At the same time, people were using pagers, which clipped to a belt and notified the pager wearer that someone wanted them to call. Pager numbers were not accessible as public phone numbers and were only given out to selected people, but once a breakup occurred, that could be a problem. Whether the person who was paged found a public phone and called back was entirely their choice, but constantly buzzing pagers were a nuisance and not under the recipient’s control, and unwanted callers could call from unrecognized phone numbers.

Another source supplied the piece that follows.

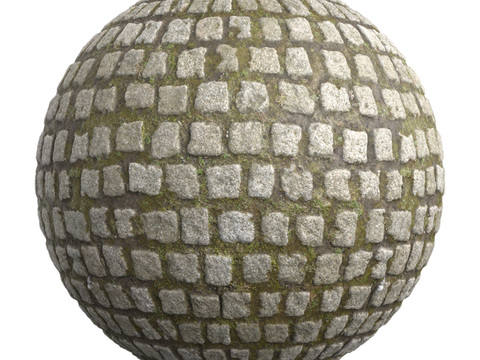  无缝石地石砖铺路石户外地面 PBR材质贴图 2k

When e-mail began to substitute for phone calls, finally, lovers could be alone—unless someone else could read their e-mails, which often happened with a computer shared by family members. And the freedom to directly contact a loved one or former lover sometimes led to unwise late-night multiple e-mails, especially if the man or woman was drunk and unhappy. Instant messaging appeared and encouraged computer users to mimic being on the phone, but it required both people to sign on, so it was not an easy conduit for romantic strife.

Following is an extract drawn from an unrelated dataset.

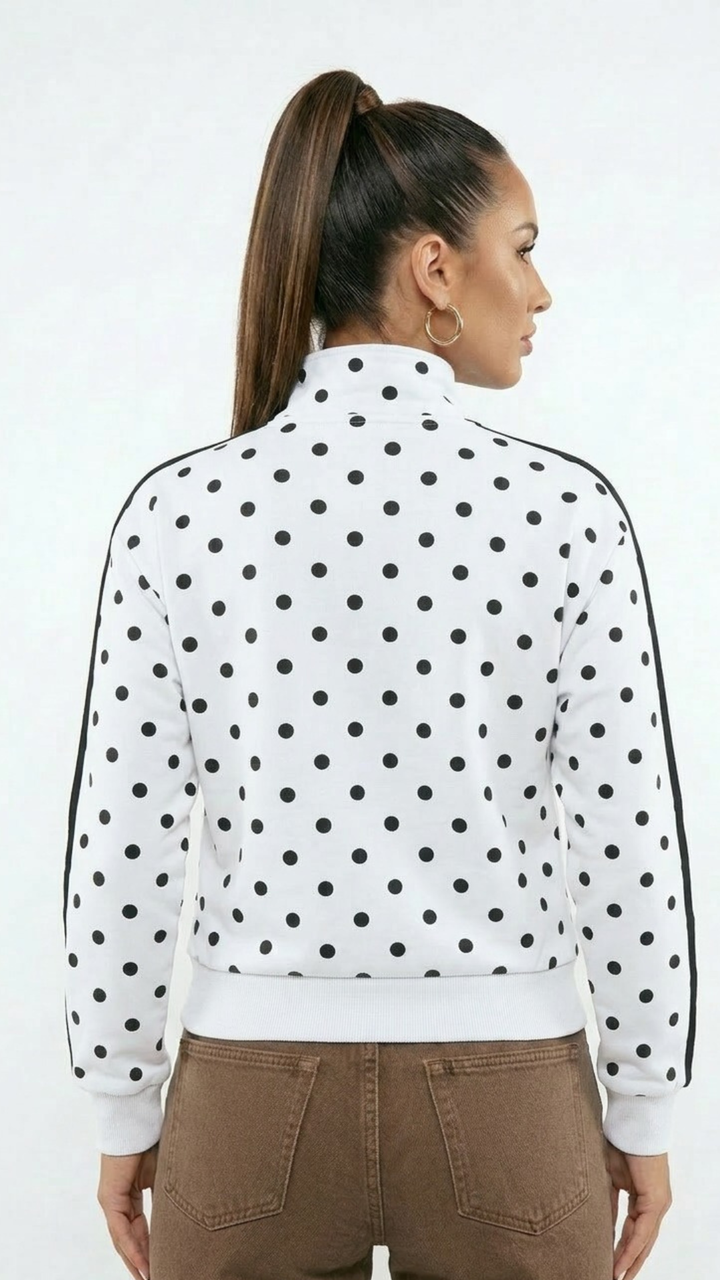 Jean - Polka Dot Track Jacket White/Black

Then cell phones completely eradicated waiting at home for a phone call, or finding a pay phone to answer a page, or, eventually, once they became smartphones, needing to check one’s home computer for any e-mails. Texting made it possible to silently send and receive phone messages, giving lovers more privacy than ever before. Sexting spread visual sexual content, wanted or unwanted, while social media such as Facebook gave lovers alternate contact points to connect via phone either publicly or privately, with all the threats inherent in the private being made public or in the public interfering with the private.

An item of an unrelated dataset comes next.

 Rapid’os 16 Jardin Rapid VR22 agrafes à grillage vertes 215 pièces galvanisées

Today everybody is connected unless they don’t want to be. Lady Gaga’s hit song (sung with Beyoncé), “Telephone,” makes it clear that much of the power of the telephone has switched from who calls to who receives the call. There are no intermediaries, no messengers intercepted or family members to interfere, and the person being called has the sole option to pick up or not. Only if the phone owner leaves the phone and its ringer on at all times can the person who phones regain any power over the one receiving the call. You can drunk dial your ex at 3 AM and leave a ranting message, but your ex does not have to even know you did it until checking the phone the next day. The ex might delete the message without listening to a word of it.

And the telephone game is still changing. Skype has brought ringing phone noises to computers. If it’s the guy you just broke off with calling, that’s irritating and if you aren’t quick to choose your option, you’re on camera, too. Yikes.